SARATOGA SPRINGS, N.Y. (05/21/2019) (readMedia)-- The role of a Civil War infantry regiment recruited from New York City, and Newark, New Jersey as well as villages across Western New York will be the subject of a free talk on Saturday, June 15, at 1 p.m. at the New York State Military Museum.
Rick Barram, the author of the book "The 72nd New York Infantry in the Civil War, A History and Roster" will talk about the history of the unit which in every key battle waged in the War's Eastern Theater from 1861 to 1865.
The 72nd was part of the Excelsior Brigade, a unit of five regiments recruited by Brig. General Daniel Sickles from across New York.

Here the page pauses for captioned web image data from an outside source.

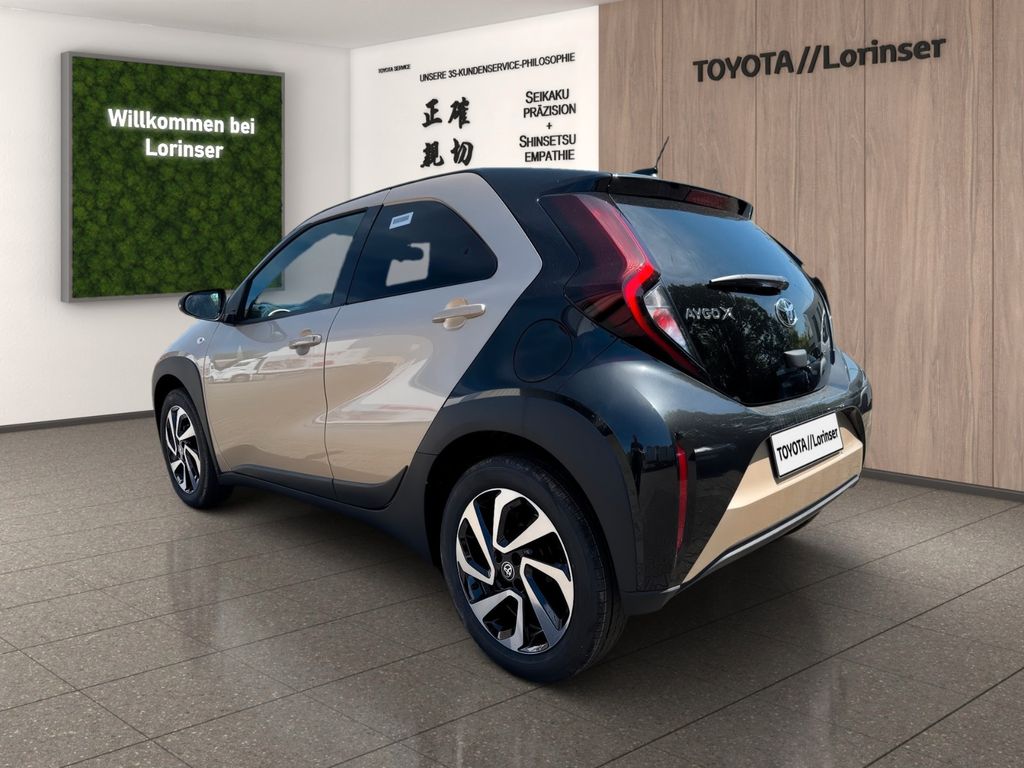 Toyota Aygo (X) 2025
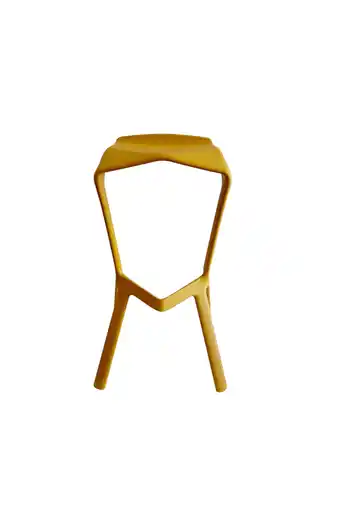 Tiendas EFE Banco ziyaz trazzo - amarillo oferta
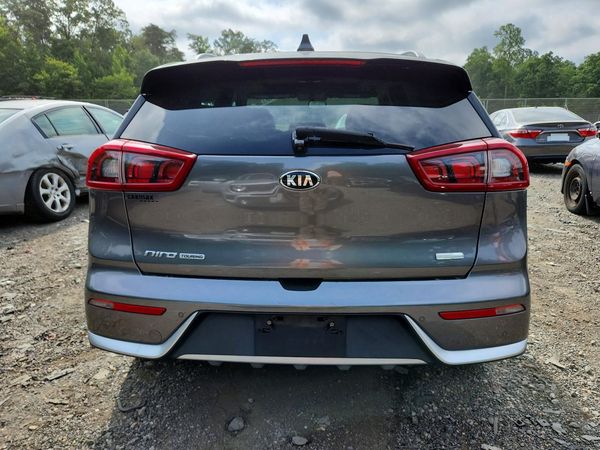 2017 KIA NIRO Touring / Touring Tech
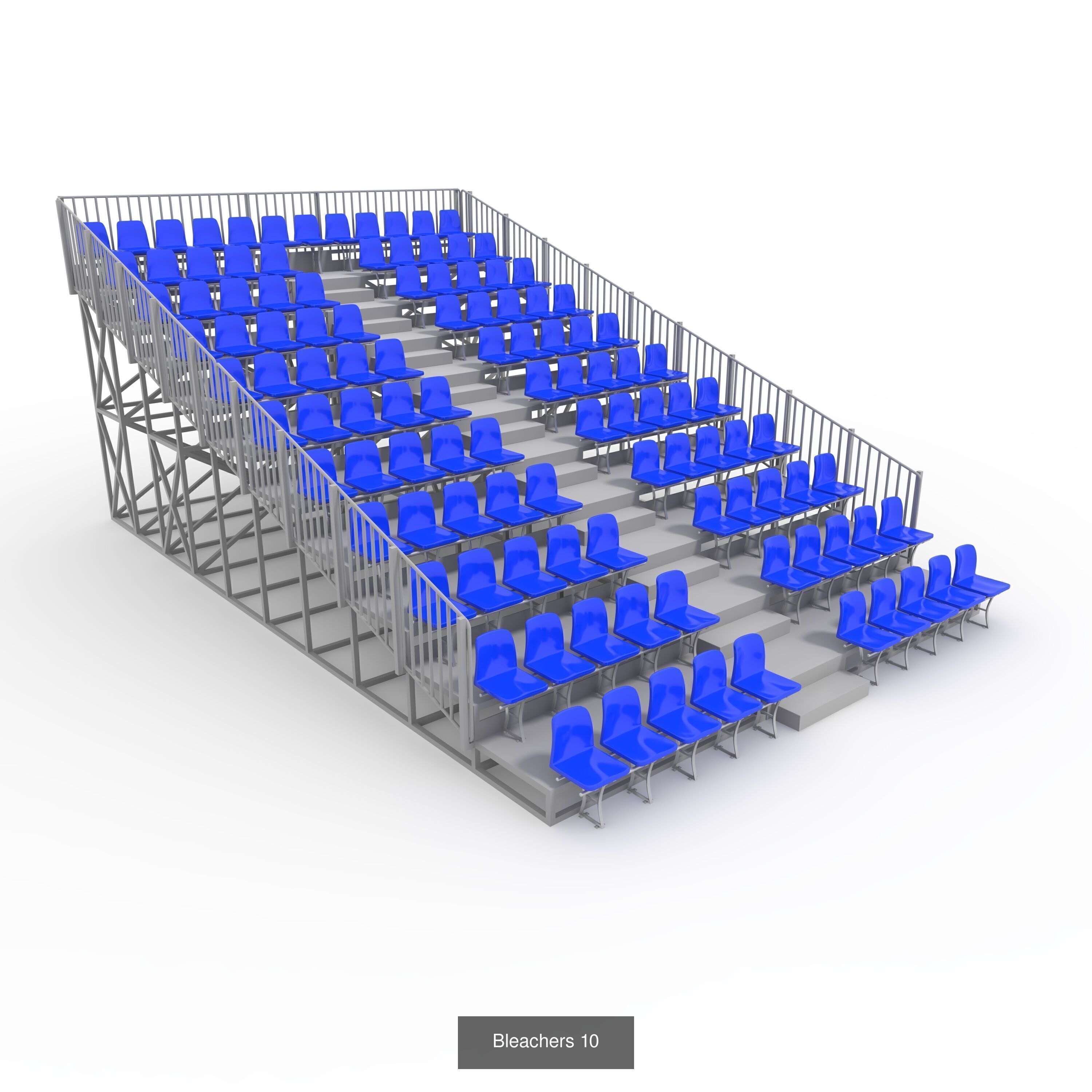 Collection Bleachers 3 _2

Sickles, a New York City Democratic Congressman, was infamous for shooting and killing the son of Francis Scott Key, who was having an affair with his wife, and then claiming temporary insanity. He was found not guilty during the trial and then went on to lead Union troops.
During the Battle of Gettysburg, Sickles ordered his crops forward into an untenable position where they were destroyed. He never led troops in battle again, although he did command troops in the occupied South after the war.
The 72nd New York Volunteer Infantry was considered one of the 300 hardest fighting union regiments of the Civil War.
In three separate engagements, Williamsburg, Chancellorsville, and Gettysburg, the 72nd would take losses equivalent to one-fourth or more. Few regiments in all of New York would surpass the 72nd's record of sacrifice.
Rick's talk will look at the founding and history of the brigade, Sickles' enthusiastic but flawed leadership and the difficulty 'Sickles the politician' would experience in becoming 'Sickles the General.' This talk will use the 72nd's role within the brigade as a focal point while examining some of the hardest fighting of the Eastern Theater until the brigade's dissolution in the summer of 1864.
Barram lives and works in northern California where he teaches social studies and theater arts in the Gateway Unified School District.He is a Civil War reenactor and serves on the boards of two Civil War-related non-profits.
The New York State Military Museum is located at 61 Lake Avenue in Saratoga Springs.